No, because Philip Morris International doesn’t sell cigarettes in the United States.

 Philip Morris does have a US division, but it is owned by Altria (NYSE: MO). So, Altria shares predictably cratered on the news. As did British American Tobacco (NYSE: BTI) shares. But Philip Morris International shares were barely impacted.

But what if similar regulations are put into place in other countries?

There’s no reason to expect a widespread crackdown on menthol cigarettes and nicotine levels across the world. But even if there is, Philip Morris International investors wouldn’t be too impacted. Particularly in the long run.

Philip Morris Continues Moving Towards Smoke-Free Products

The CFRA expects cigarette consumption to decline by around 3% per year moving forward. Philip Morris sells hundreds of billions of cigarettes per year, so this long-term downtrend seems ominous for shareholders. At least at first glance.

Investors shouldn’t be too concerned because Philip Morris’ reduced-risk product (RRP) segment looks like it can pick up the slack. The company recently reported its fiscal first-quarter earnings; sales of RRPs were up 32.1% yoy and made up 27.9% of overall sales for the quarter. That marked an improvement on an already impressive full-year 2020 for the RRP segment, when sales rose 22.2% yoy to nearly $7 billion, accounting for a little less than a quarter of company-wide sales.

In the first quarter, RRP growth (in dollars, not percentages) was greater than the decline in combustible products. As a result, company-wide sales jumped 6% yoy to $7.59 billion. Earnings-per-share came in at $1.55. Wall Street was expecting revenue of $7.27 billion and earnings-per-share of $1.40, so Philip Morris beat on both the top and bottom lines.

You may be wondering whether Philip Morris faced easy comps from Q1 2020. It turns out that it didn’t; revenue increased 6% yoy in that quarter, well above consensus estimates.

Philip Morris Raised Guidance… Slightly

On the first-quarter earnings call, CFO Emmanuel Babeau said, “While the speed and shape of the global recovery from the pandemic remains uncertain, the strong business results and underlying momentum of the first quarter, notably from our IQOS business led us to raise our outlook.”

Philip Morris now expects revenue to grow 5-7% in full-year 2020 vs. previous guidance of 4-7% growth.
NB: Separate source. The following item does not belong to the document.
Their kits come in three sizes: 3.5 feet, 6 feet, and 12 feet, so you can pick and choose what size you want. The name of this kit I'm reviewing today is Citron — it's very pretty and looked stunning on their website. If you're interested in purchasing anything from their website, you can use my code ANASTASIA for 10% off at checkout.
That may not seem worth mentioning, but increasing guidance at all in such an uncertain environment is a welcome development. Reading between the lines, it’s possible that Philip Morris is expecting revenue to come in a lot higher than previously expected, but didn’t want to be too aggressive with its estimates.

The Value is Still There

Philip Morris has been one of the best value plays in the market over the last several months. That hasn’t changed – even though shares have appreciated a lot.
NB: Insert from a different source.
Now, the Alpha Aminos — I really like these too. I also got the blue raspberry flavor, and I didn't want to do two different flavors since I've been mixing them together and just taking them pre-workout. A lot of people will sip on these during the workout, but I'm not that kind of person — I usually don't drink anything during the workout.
Shares are trading at 15.5x forward earnings – not bad at all for a company that is seeing mid-single-digit revenue growth. The forward dividend yield of 5.41% makes Philip Morris one of the most attractive dividend stocks in the market. Unlike some high-dividend stocks, Philip Morris’ dividend seems safe.

How Should You Play Philip Morris?

Philip Morris shares are a bit extended after their recent run-up. Over the last six sessions, however, volume has dried up as shares have traded in a tight range.

Ideally, shares would continue going sideways for another week or two and then break out above $96.

 

 

If that happens, you will have a nice entry point on a stock with low downside and moderate upside.